I must agree that the swap issues should be solved in Kubernetes since
disabling swap causes Node failure when running out of memory on node. For
example if you having 3 worker nodes (20GB of ram each) and one node goes
down because the limit of ram is reached 2 other worker nodes will also go
down after transferring all the pods to them in that time.


You are receiving this because you commented.
Reply to this email directly, view it on GitHub
https://github.com/kubernetes/kubernetes/issues/53533#issuecomment-424604731,
or mute the thread
https://github.com/notifications/unsubscribe-auth/AAICBqZApBscFl5aNA4IcYvlxcvPA88Tks5ueyPlgaJpZM4PwnD5
.

@matthiasr You can do that when you have 10-50 services. But when u have Cluster running over 200 services and half of them are deployed using official Helm charts without any memory request in them your hands are tide.

But then, isn’t missing memory requests the problem to be addressed?

@matthiasr in a lot of cases memory once mapped to the process only used once or never actually used. Those are valid cases and are not memory leaks. When you have swap those pages are eventually swapped and may never be swapped in again, yet you release fast ram for better use.

Nor is turning swap off a good way to ensure responsiveness.
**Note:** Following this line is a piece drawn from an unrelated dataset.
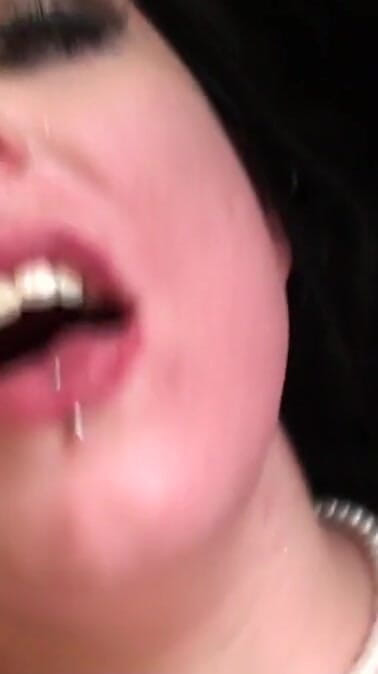 Introducing Harley Sin (Pascals Subsluts)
Unless you pin files in memory (a capability K8s should have for executables, at least), the kernel will still swap out any and all file-backed pages in response to memory pressure, or even simply lack of use.
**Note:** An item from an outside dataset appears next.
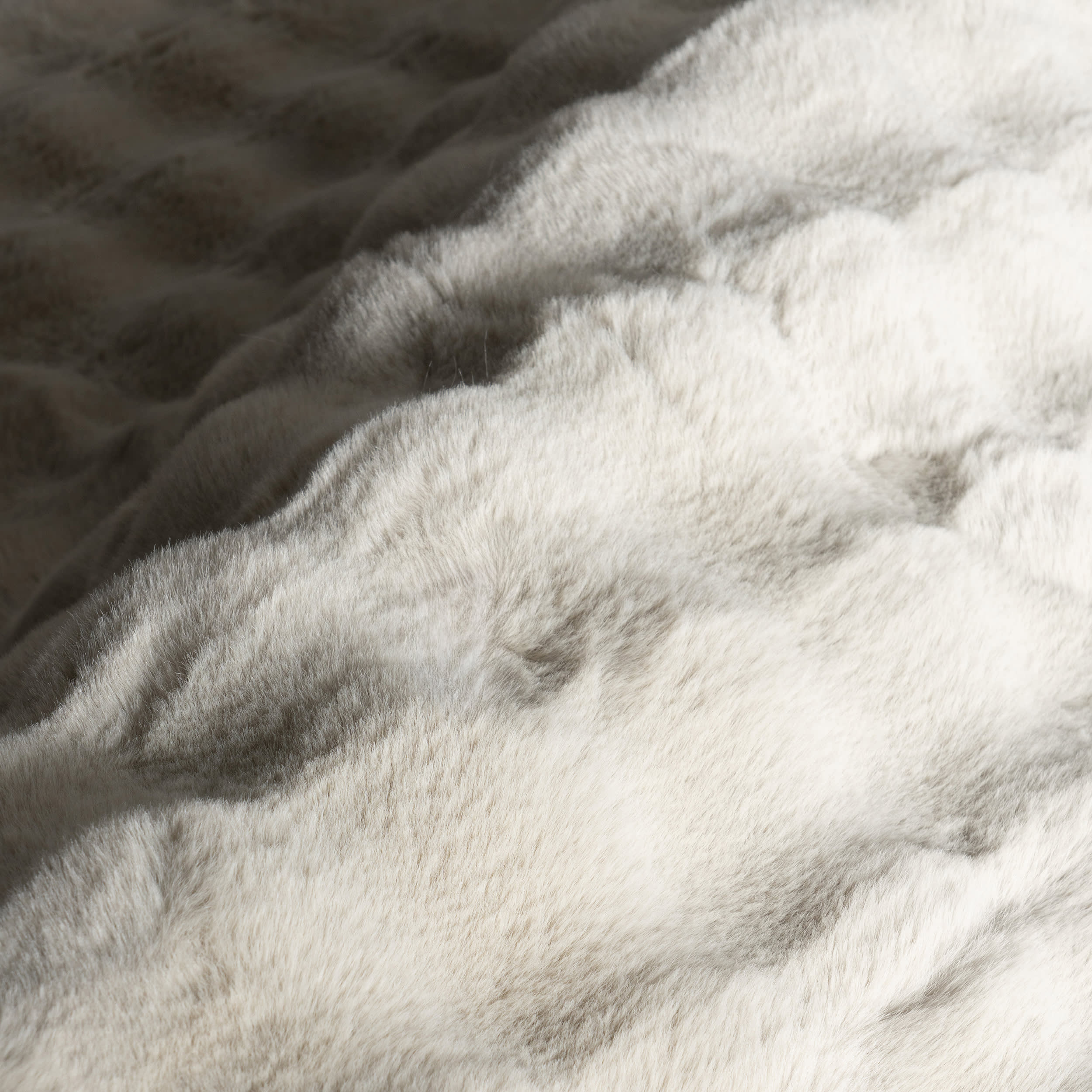 Ivana Checkered Plush Cloud Washable Rug | Grey - Image 3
Having swap enabled doesn't markedly change kernel behavior. All it does is provide a space to swap out anonymous pages, or modified pages loaded from COW-mapped files.

You can't turn off swapping entirely, so K8s needs to survive its existence whether or not the special case of anonymous memory swapping is enabled.
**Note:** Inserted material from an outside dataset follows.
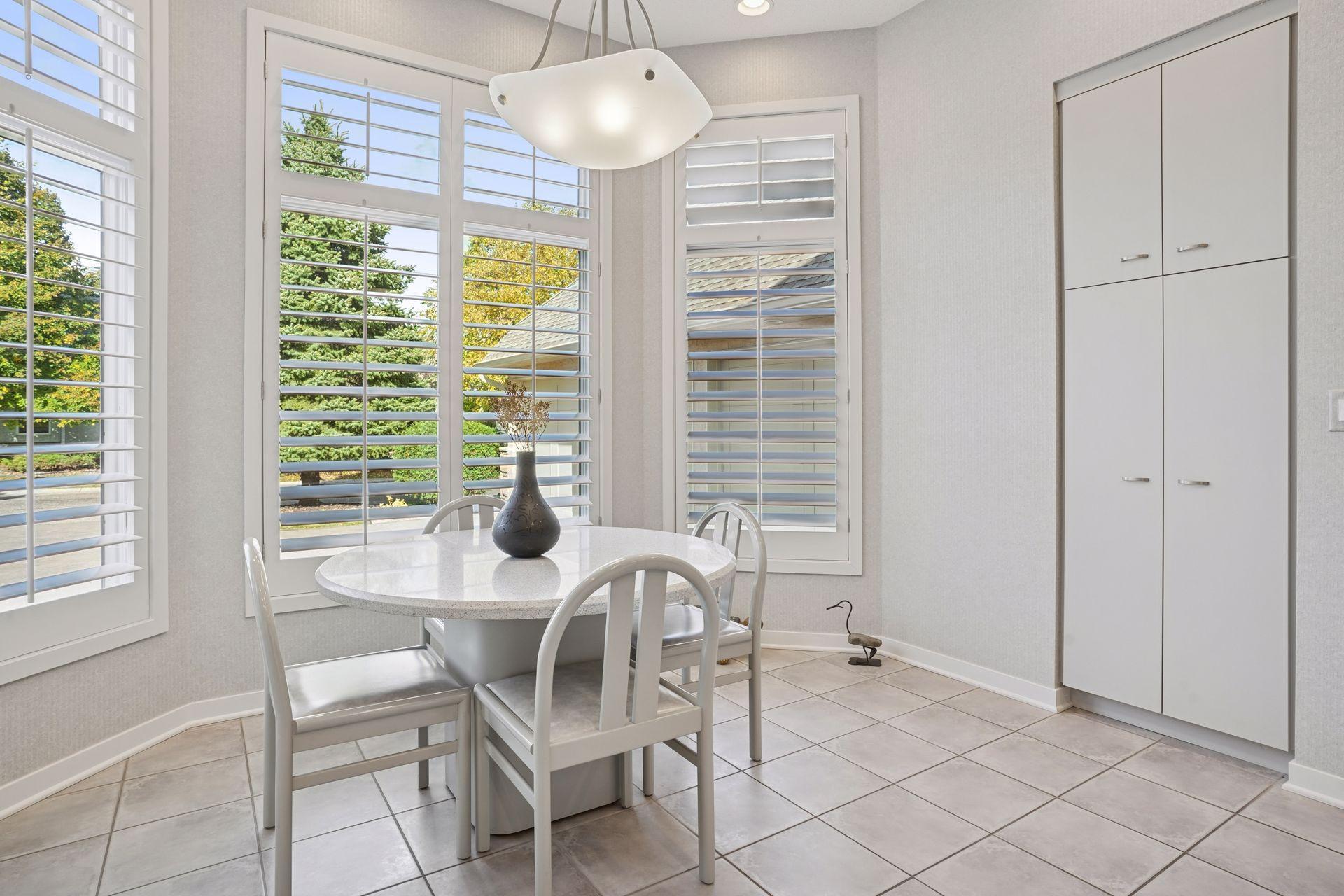 Lilydale, Minnesota, 55118, United States, 3 Bedrooms Bedrooms, ,3 BathroomsBathrooms,Residential,For Sale,1989452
That makes this a bug: You're failing to support a kernel feature that can't actually be turned off.

@Baughn

the kernel will still swap out any and all file-backed pages in response to memory pressure, or even simply lack of use. Having swap enabled doesn't markedly change kernel behavior.

You can't turn off swapping entirely,

Can you provide some reference for this so that I could educate myself?

Unless you pin files in memory (a capability K8s should have for executables, at least),

What is the capability you want k8s to use? If a binary is static just copying it over to a tmpfs on the pod should help with paging latency.

@adityakali any thoughts on impact of swap in the kernel when swap is turned off?

Can you provide some reference for this so that I could educate myself?

Like all modern virtual memory OSes, Linux demand pages executables from disk into memory. Under memory pressure, the kernel swaps the actual executable code of your program to/from disk just like any other memory pages (the "swap out" is simply a discard because read-only, but the mechanism is the same), and they will be re-fetched if required again. Same goes for things like string constants, which are typically mmapped read-only from other sections of the executable file. Other mmapped files (common for database-type workloads) are also swapped in+out to their relevant backing files (requiring an actual write-out if they've been modified) in response to memory pressure. The _only_ swapping you disable by "disabling swap" is "anonymous memory" - memory that is _not_ associated with a file (the best examples are the "stack" and "heap" data structures).

There are lots of details I'm skipping over in the above description of course. In particular, executables can "lock" portions of their memory space into ram using the mlock family of syscalls, do clever things via madvise(), it gets complicated when the same pages are shared by multiple processes (eg libc.so), etc. I'm afraid I don't have a more useful pointer to read more other than those manpages, or general things like textbooks or linux kernel source/docs/mailing-list.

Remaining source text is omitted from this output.